An account of ethnic matching
[GL] So you are saying then really that management definitely have a view on ‘race’ and ethnicity? How would you describe this view?
[Participant] Their view is difficult to pin down and it always strikes me as being convenient because on that level they won’t challenge black workers because they don’t want to be seen as racist. But on another sort of level, a practice which is common where white workers feel or will say ‘I think this family needs a black worker’, but it is often convenient to get us to work with black families. The white workers can’t cope really in that case.
The contradiction is that for black workers they will be working with white families, very complicated cases because of the nature of the work and you get stuck sometimes, it gets difficult, because we can’t say we think this family needs a white worker. What I’m saying is that white workers when they are stuck use us as an excuse, their whiteness to get out of work, and then it is said to black workers ‘what it needs is a black worker’.
Now that is quite convenient for managers, because managers are white yeah?… And they often agree with the white worker, that this case, that they are not getting anywhere with them, yeah? Whereas if you have a black worker take it, somehow you are expected to be able to work with them …
White managers, white workers won’t acknowledge or are [not] even aware of these sorts of intrinsic sort of issues involved for black workers, professionalism and boundaries, how you negotiate relationships with black families when they see you as a befriending person, you are having to assert that you are a professional person and that it is a professional relationship.

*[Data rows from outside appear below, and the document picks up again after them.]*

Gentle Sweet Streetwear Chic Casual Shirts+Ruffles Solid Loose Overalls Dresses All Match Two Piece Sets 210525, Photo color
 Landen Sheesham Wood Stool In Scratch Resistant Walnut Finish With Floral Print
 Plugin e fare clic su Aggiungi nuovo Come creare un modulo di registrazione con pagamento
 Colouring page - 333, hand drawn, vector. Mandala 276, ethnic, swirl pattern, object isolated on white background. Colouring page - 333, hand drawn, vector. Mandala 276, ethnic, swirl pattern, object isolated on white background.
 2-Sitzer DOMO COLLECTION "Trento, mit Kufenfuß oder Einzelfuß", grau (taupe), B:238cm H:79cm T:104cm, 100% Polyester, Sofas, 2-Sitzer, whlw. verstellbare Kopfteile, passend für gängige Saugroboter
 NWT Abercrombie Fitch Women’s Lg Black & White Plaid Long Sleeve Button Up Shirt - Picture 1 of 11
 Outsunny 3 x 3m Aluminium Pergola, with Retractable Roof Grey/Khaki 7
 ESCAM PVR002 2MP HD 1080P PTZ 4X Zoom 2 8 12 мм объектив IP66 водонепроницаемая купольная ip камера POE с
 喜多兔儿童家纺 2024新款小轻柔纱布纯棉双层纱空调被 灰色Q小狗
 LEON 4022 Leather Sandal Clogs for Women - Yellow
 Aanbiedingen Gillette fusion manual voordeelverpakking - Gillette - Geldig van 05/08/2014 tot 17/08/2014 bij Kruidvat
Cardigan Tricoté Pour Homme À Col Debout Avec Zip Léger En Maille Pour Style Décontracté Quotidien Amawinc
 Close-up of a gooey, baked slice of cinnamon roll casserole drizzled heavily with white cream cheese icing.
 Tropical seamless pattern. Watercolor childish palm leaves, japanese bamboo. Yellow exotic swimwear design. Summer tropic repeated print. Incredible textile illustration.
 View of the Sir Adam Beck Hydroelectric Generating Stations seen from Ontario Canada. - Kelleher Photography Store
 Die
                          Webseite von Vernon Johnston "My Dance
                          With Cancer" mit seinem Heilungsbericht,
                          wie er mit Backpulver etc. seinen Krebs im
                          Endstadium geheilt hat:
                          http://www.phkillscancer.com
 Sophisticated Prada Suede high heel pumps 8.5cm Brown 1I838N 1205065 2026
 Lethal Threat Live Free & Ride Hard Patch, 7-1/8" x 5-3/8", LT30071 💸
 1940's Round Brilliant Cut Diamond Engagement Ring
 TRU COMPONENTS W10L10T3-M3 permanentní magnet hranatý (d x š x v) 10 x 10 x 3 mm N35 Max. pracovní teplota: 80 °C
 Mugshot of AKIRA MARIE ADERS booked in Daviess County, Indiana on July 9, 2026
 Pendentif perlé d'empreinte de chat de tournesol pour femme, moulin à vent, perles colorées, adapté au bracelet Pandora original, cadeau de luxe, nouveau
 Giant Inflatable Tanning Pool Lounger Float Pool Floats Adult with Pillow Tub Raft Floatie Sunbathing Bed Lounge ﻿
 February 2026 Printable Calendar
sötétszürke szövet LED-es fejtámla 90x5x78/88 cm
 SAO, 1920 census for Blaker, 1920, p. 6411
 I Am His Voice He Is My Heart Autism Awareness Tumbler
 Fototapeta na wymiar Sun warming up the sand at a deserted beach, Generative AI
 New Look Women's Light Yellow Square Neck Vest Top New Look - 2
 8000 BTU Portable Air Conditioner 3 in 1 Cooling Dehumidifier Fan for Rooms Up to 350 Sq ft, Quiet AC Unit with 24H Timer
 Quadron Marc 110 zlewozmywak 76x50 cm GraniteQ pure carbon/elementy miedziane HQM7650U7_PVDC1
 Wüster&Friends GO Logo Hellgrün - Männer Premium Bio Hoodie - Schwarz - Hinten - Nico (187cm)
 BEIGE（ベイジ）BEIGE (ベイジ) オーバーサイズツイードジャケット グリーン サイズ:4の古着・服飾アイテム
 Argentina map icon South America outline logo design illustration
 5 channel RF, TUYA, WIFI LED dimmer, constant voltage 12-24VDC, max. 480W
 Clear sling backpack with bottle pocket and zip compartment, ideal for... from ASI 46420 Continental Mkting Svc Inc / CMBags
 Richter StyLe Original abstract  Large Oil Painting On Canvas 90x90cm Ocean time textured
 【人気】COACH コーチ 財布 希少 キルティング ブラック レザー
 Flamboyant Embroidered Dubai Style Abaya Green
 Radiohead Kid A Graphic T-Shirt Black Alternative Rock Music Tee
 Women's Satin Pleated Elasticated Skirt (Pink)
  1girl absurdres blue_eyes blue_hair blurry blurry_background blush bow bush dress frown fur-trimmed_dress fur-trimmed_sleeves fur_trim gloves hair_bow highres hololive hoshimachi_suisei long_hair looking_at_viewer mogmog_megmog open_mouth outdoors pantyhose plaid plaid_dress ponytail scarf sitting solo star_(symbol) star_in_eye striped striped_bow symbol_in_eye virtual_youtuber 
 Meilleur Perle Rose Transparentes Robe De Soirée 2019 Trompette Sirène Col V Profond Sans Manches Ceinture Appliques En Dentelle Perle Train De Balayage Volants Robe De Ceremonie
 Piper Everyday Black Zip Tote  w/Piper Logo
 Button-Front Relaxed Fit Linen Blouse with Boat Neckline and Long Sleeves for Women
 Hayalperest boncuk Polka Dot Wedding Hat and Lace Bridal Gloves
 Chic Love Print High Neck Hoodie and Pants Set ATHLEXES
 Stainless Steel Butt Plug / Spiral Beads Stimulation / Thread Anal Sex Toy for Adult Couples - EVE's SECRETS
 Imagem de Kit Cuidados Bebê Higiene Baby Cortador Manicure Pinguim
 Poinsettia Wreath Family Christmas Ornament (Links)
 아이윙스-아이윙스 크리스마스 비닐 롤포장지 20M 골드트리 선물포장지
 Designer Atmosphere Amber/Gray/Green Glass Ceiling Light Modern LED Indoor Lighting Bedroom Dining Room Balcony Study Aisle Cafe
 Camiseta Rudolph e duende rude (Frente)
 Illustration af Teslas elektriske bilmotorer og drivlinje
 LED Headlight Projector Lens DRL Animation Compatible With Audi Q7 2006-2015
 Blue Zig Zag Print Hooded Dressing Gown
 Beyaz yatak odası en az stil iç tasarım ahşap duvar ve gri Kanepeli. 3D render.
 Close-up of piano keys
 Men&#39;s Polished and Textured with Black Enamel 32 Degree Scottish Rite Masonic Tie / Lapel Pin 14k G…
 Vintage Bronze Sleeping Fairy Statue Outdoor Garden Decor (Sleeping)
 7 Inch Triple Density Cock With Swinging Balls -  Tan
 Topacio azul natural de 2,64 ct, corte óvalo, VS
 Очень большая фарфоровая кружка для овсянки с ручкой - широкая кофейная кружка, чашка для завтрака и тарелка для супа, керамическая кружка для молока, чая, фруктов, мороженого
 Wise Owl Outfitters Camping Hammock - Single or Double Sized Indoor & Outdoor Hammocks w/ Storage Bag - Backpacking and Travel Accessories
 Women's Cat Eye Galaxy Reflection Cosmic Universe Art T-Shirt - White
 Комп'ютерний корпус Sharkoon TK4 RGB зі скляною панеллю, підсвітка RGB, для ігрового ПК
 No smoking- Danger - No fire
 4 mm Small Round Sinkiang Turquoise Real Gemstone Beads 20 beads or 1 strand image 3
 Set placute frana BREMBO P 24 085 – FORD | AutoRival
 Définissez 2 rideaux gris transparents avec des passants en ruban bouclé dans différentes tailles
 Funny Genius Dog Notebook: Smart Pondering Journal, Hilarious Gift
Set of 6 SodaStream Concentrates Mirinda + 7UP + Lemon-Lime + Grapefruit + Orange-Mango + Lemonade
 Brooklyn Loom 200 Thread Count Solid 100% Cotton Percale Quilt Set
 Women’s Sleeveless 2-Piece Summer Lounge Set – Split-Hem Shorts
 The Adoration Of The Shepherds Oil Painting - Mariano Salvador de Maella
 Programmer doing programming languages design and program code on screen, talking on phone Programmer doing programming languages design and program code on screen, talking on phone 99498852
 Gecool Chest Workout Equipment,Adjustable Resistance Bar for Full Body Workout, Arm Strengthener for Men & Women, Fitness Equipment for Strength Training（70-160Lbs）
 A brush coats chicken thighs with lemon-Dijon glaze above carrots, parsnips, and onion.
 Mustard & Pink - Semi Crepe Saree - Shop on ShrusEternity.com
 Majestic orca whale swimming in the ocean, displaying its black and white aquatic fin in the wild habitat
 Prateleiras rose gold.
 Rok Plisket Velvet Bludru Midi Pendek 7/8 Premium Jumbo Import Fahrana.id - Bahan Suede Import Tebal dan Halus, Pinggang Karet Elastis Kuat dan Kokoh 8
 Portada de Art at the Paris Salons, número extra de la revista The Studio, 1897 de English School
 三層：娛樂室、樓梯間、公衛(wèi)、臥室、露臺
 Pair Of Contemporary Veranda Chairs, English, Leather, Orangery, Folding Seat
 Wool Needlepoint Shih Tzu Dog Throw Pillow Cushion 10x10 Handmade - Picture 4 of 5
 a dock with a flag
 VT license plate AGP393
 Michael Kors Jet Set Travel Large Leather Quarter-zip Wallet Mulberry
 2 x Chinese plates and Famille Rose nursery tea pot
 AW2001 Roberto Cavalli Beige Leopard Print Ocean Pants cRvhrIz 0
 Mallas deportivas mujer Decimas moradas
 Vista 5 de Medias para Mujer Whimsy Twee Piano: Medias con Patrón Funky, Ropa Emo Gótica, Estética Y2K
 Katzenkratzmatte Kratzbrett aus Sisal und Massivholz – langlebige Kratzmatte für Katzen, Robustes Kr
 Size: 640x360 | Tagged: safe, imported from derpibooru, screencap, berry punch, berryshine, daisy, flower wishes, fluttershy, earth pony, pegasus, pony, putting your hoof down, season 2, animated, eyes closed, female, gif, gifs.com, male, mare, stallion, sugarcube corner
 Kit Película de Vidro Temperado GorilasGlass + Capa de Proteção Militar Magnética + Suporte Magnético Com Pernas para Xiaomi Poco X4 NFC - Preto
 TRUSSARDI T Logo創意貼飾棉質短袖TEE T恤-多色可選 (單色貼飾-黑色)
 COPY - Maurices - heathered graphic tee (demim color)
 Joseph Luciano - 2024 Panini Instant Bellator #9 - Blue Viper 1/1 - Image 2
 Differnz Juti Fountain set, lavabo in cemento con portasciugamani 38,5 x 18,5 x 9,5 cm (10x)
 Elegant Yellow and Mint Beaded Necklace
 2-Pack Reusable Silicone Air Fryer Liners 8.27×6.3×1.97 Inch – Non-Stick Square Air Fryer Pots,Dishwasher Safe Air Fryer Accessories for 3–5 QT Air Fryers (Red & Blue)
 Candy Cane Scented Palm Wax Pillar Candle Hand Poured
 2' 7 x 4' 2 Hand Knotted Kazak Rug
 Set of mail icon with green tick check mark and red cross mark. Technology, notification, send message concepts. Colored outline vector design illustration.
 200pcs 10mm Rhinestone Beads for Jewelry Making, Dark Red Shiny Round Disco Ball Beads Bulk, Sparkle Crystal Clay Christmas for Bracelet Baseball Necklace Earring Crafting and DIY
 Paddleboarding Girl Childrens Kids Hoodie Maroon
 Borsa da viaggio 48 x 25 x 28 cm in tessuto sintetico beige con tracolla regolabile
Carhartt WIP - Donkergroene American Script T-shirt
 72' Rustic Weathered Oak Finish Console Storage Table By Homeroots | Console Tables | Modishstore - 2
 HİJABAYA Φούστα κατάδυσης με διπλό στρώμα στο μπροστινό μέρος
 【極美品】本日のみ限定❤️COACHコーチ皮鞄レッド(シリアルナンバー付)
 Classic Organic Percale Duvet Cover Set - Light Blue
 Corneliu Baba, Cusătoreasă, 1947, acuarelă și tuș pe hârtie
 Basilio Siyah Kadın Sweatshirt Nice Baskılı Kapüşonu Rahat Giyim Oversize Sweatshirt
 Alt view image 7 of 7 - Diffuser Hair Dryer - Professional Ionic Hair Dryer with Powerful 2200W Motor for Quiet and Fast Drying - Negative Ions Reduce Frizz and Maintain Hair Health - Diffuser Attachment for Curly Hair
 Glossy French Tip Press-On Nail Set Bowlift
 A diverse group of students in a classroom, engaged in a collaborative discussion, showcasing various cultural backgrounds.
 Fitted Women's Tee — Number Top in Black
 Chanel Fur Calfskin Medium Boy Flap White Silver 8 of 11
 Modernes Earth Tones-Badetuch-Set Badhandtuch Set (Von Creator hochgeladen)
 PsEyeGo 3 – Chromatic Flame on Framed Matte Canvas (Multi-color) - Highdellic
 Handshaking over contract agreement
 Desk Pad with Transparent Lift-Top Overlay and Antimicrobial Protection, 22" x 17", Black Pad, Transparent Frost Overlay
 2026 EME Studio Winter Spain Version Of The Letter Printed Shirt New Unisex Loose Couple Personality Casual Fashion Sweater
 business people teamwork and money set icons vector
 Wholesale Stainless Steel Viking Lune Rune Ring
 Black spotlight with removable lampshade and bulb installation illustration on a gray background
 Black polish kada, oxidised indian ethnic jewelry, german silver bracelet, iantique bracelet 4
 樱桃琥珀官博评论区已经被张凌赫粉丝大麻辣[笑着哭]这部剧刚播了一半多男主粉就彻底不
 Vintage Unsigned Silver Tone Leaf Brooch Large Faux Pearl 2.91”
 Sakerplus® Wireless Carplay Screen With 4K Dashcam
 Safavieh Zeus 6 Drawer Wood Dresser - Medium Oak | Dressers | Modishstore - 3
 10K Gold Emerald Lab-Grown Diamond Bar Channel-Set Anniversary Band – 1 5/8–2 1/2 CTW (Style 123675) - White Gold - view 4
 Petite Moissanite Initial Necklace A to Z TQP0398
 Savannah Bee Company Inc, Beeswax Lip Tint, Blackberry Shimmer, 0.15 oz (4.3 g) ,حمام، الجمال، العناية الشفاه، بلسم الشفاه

Activity 10: Ethnic matching
The extract above is from an interview with a black social worker (participant) carried out by social policy researcher Gail Lewis (GL). As you read it, make notes on any problems that you identify with ‘ethnic matching’ as an approach.
You may have agreed with the suggestion that this approach assumes homogeneity within ethnic groups and does not take account of other differences such as gender, class, age and sexuality. In addition, religion may present challenges and complexities. Often the subtleties of religious beliefs are not recognised or indeed the fact that religious practices are not homogeneous. It could be argued that this ‘ethnic matching’ solution is based on a fact file’ approach to ethnicity that reinforces racial and religious stereotypes. Not only does it assume that individuals in particular ‘racial’, ethnic or religious groups have the same values and beliefs, but also it assumes that individuals of the same ethnic group give the same meanings and understandings to particular words and phrases. Thus communication difficulties’ are addressed purely by providing a worker of the same ethnic, religious or ‘racial’ background, and diversity is ignored.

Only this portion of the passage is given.